Thermal Image sample captured after 8:00 PM.
In summary, the objectives and contributions of this paper are to,
Design and develop an intelligent system utilizing the synergism of HOG – 1D-CNN applied for for the detection of wildlife (deer), Implement an efficient Response System to alert the driver of the vehicle.
This paper progresses as follows: literature study section explains about different countermeasure ideas and techniques, which vitalize the current research’s basic concepts. Intelligent system section states the whole methodology of the system design and response system. The results section shows the findings of the proposed approach in bar charts and tabulation, and the last section concludes the paper.
This section elucidates the existing work related to animal-vehicle collision mitigation in urban highways or highly dense areas.

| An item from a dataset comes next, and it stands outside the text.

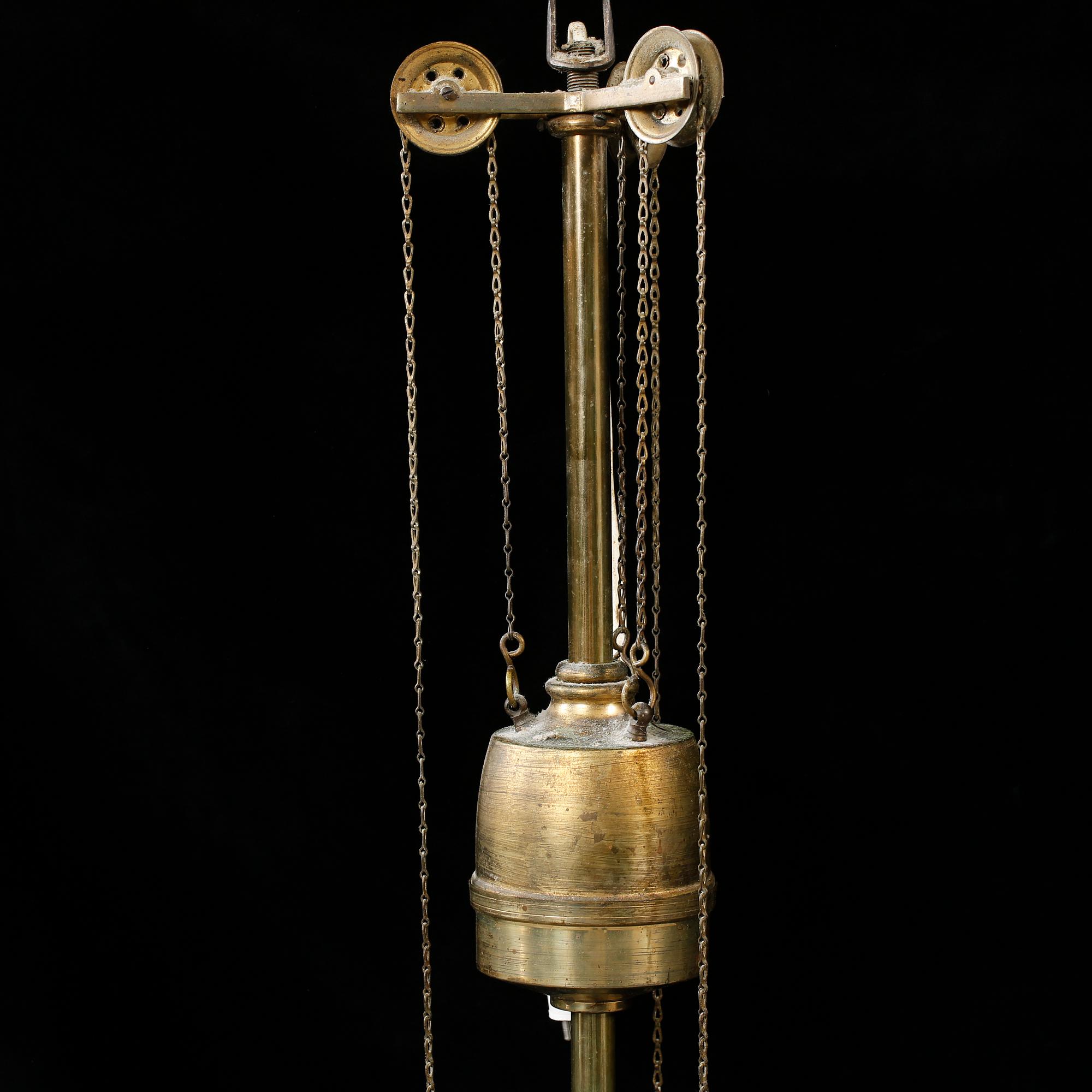 TAKLAMPA, tidigt 1900-tal. Maxhöjd ca 155 cm.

The plethora of suggested solutions in the papers exhibit that researchers are persistently working to meet the target.
With the government’s help, the U.S. transportation department [4] implemented basic techniques like constructing bridges across the road in shady environments, reflectors, speed-limits, signboards, and fencing. The prediction of animal behavior is highly challenging, making this social model ineffective [7]. The U.S. transportation department again invests enormous amounts for the construction of overpass and underpass in highways (in US191, US$400K and US$2M respectively), which considerably reduced road accidents but is not adequately productive [8]. Notably, in [9] the author proposed area-independent methods for the estimation of number of collisions occurred due to wild animals in daylight period.

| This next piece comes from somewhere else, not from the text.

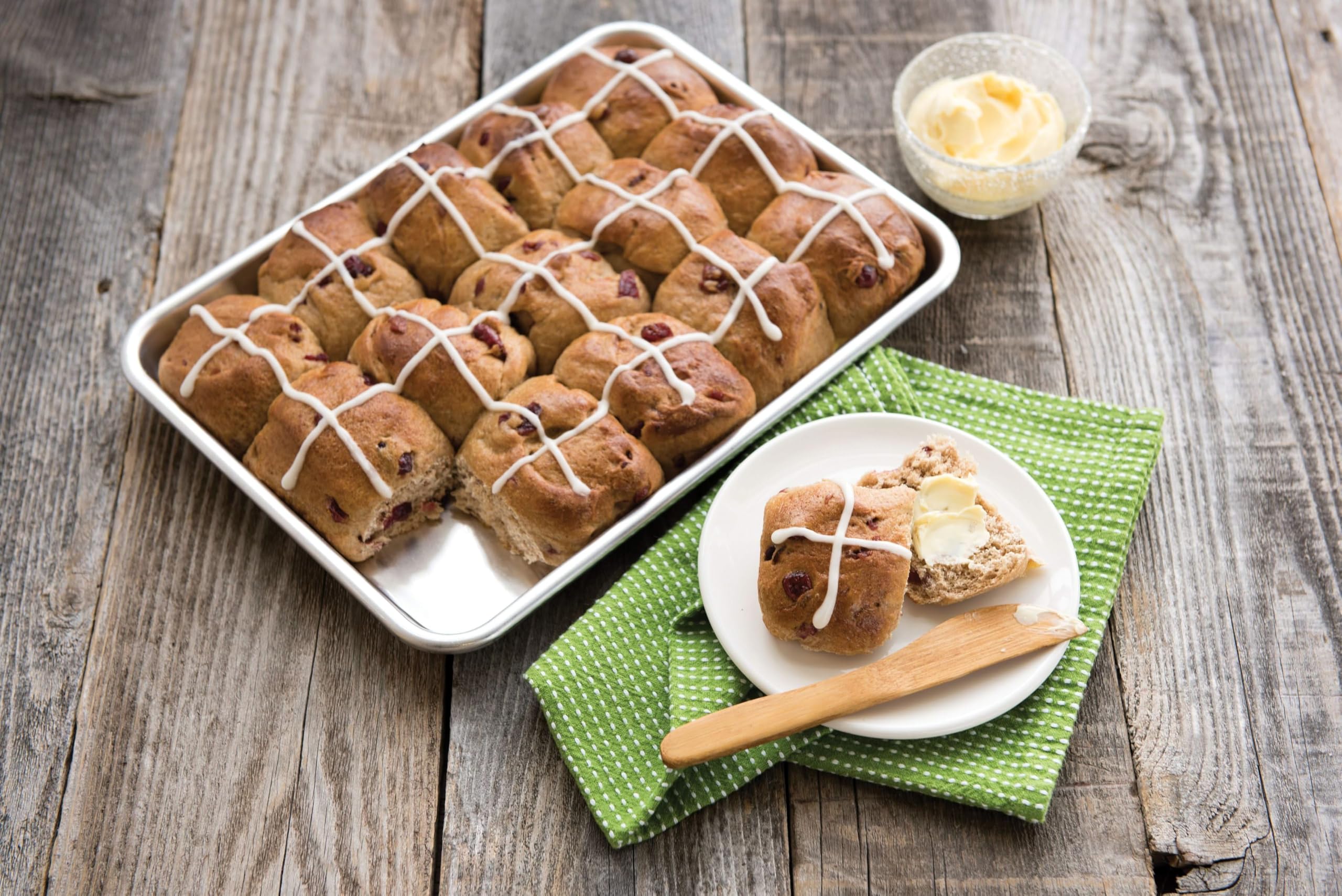 Nordic Ware Naturals Quarter Baking Sheet - Natural Aluminium, Superior Heat Conductivity | 12.1" x 8.8" 6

In thermal image analysis, computer-based technology played an extraordinary role in the last few decades. These computer vision algorithms mainly use feature detection, interpretation, and classification [10]. Significantly, gradient-oriented, or contour-based methods are used for feature detection from the acquired image [11]. The different animal stances like inactive, leaping, walking, semi-sitting, and standing are detected by a depth-based tracking system in [12]. The detection of wild animals is more critical because of these types of stances and their sudden reactions. In [13] the author proposed the basic warning system to alert both the animal and driver through various sound signals. Author in [14] suggested the Roadside Animal Detection System (RADS) used in cypress park and Florida highway 41 uses daisy-chained infrared sensors running parallel on each road-side. The Colorado Department of Transportation (CDOT) installed Wildlife Detection System with sensors under Colorado Highway 160. CDOT warned the vehicles through roadway light up upon animal detection. Animal Detection & Driver Warning System (Colorado) used buried electromagnetic cable for its animal detection. In [15] author implemented a buried cable protection system combinedly with the collaboration of Virginia Tech Transportation Institute and Virginia Department of Transportation, whereas only flashing light was used as the warning system.

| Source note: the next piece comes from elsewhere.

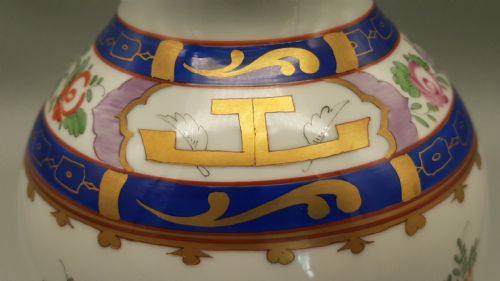 LOVELY GERMAN DRESDEN ARMORIAL PORCELAIN VASE WITH COVER C1850 WITH HOWARD FAMILY CREST - ADDITIONAL PHOTO 2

The importance of mounting active and passive infra-red sensors in vehicles and generating images are shown in [16]. The significance and implementation of dynamic warning systems due to weather condition, speed, and weight combination of the vehicle, animal, and humankind presence are explained in [17]. Author in [18] discussed the alerting system with speeding consideration. This approach has fewer scenarios to alert the driver based on animals’ detection and requires a hardware model. The alert system is used to alert the driver when the speed limit violation happens, or any animal detection is predicted in the roadways, explained in [16]. In [19] author proposed a model that sends signal warning to the web, signal to wildlife, and migration database, based on the camera input and motion detection. These systems help reduce humans and deer fatalities and decrease highway road accidents, especially during the nocturnal period.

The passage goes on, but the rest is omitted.